What the task asks: The reply should hold only the lines from the one with "The Ribbon People" to the one with "Image similar to", both ends kept, exactly as they appear below, without any pictures.

Dataset content:
- Opening Delimiter -

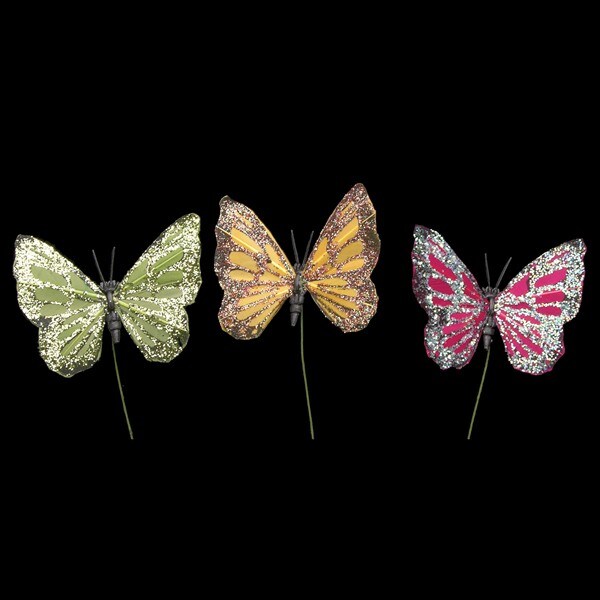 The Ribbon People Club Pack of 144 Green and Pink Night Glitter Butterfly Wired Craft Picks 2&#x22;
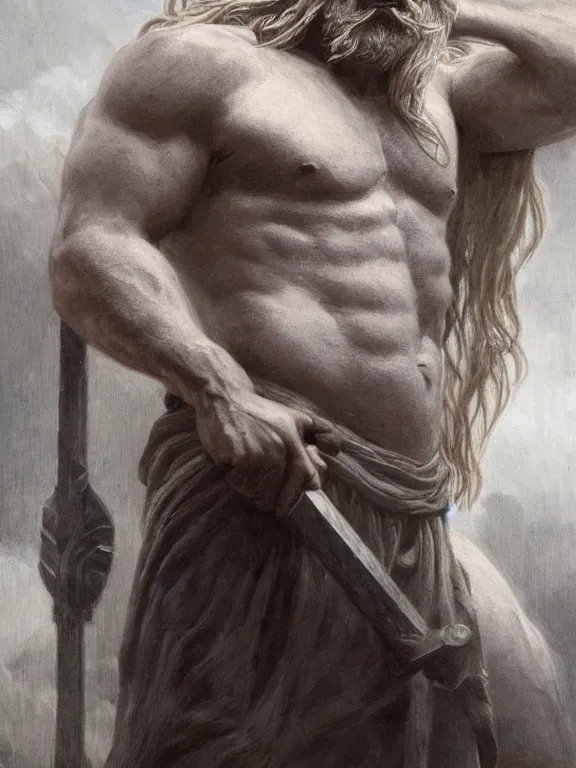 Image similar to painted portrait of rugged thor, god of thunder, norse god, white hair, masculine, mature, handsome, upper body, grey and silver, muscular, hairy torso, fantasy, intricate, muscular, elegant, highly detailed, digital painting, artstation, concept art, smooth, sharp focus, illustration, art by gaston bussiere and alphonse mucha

- Closing Delimiter -
- Opening Delimiter -

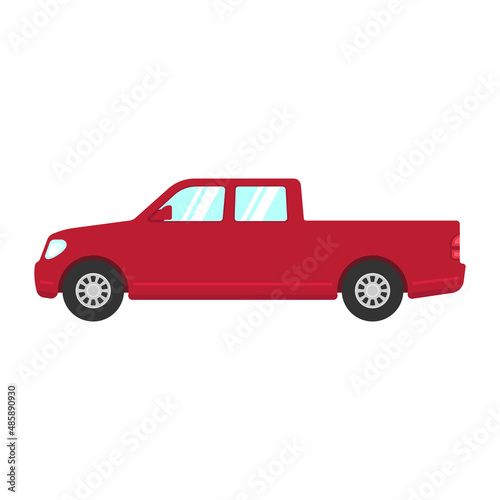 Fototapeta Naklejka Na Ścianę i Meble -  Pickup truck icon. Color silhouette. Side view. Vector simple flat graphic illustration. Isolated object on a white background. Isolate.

- Closing Delimiter -

Result:
 The Ribbon People Club Pack of 144 Green and Pink Night Glitter Butterfly Wired Craft Picks 2&#x22;
 Image similar to painted portrait of rugged thor, god of thunder, norse god, white hair, masculine, mature, handsome, upper body, grey and silver, muscular, hairy torso, fantasy, intricate, muscular, elegant, highly detailed, digital painting, artstation, concept art, smooth, sharp focus, illustration, art by gaston bussiere and alphonse mucha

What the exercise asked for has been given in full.